Neredeyse rutin haline gelen terör saldırıları karşısında dünya kamuoyu, bu tehdit ile ortak mücadele edilmesi gerektiği konusunda giderek daha çok ikna oluyor.
Irak Şam İslam Devleti’nin (IŞİD) temsil ettiği büyüyen terör tehlikesi karşısında Suriye ve bölgedeki diğer ülkelerin birleşmesi gerektiği fikri yaygınlaşıyor. Bilindiği gibi, Ürdün ve Suudi Arabistan’ın yanında Türkiye de bu mücadeleye katkı sunmaya hazır.
Peki bugünkü ortamda Ankara’nın, Şam’ın da katılacağı bir uluslarası koalisyonda yer alması mümkün mü? Türkiye’de, Şam ile geçici de olsa birleşip Suriye’nin toprak bütünlüğünü ve Türkiye’nin sınırlarını tehdit eden terör örgütlerine karşı birlikte hareket etme konsunda neler düşünülüyor?

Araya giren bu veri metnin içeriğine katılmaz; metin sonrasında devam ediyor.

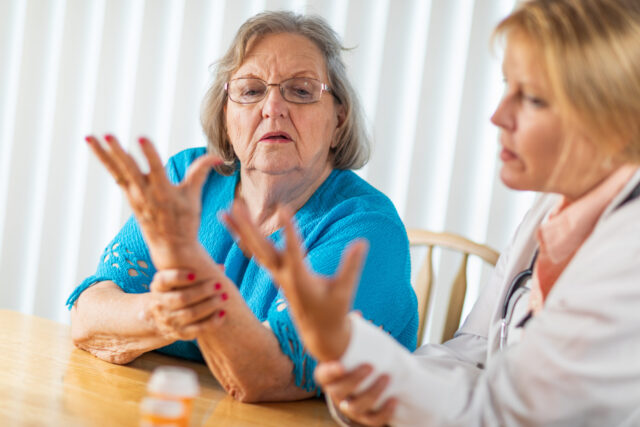 Female hand therapist talking with senior adult woman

Konuyla ilgili Sputnik Haber Ajansı’na konuşan Türkiye Emekli Subaylar Derneği Başkanı emekli Hava Korgenerali Dr. Erdoğan Karakuş, şu değerlendirmelerde bulundu:
"Müdahale için birinci şartın Suriye’nin rıza göstermesi olduğunu düşünüyorum. Suriye’nin kendi topraklarıyla ilgili hem IŞİD, hem de PKK-PYD açısından sıkıntıları var. Şu anda Suriye’nin kuzeyi, hem PKK-PYD hem de IŞİD tarafından neredeyse tamamen paylaşılmış durumda. Burada bir yandan IŞİD'in ne yapacağı belli değil. Öte yandan PYD-PKK, İsrail ile Barzani ve Kuzey Irak’taki güçleri de Akdeniz’e çıkararak Suriye’nin kuzey topraklarını tamamen eline geçirmeye yönelik bir siyaset güdüyor. Bu iki güç de Suriye’de üniter devletin düşmanı."

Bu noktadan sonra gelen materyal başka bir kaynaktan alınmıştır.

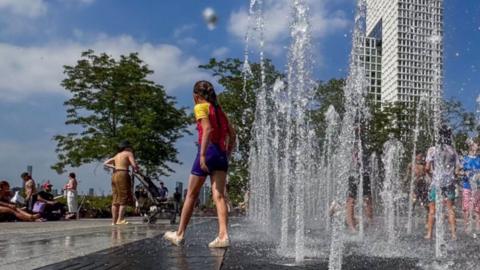 Children play at splash pad in New York City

Türkiye’de halkın asla ve asla Suriyeli kardeşlerimizle bir sorunu yok. İki milyonun üzerinde Suriyeli şu anda Türkiye’de yaşıyor. Bu kişilerin yavaş yavaş kendi topraklarına belirli ölçüde kaydırılmasının büyük yararı olacağını düşünüyorum. Bu, hem Suriye’nin, hem de Türkiye’nin lehine olur. Türkiye, Suriye'de savaşa girmek istemiyor. Bunun için tek yol Esad ile anlaşmak. Esad’la anlaşılırsa, Suriye’nin toprak bütünlüğüne bir zarar gelmeyecektir."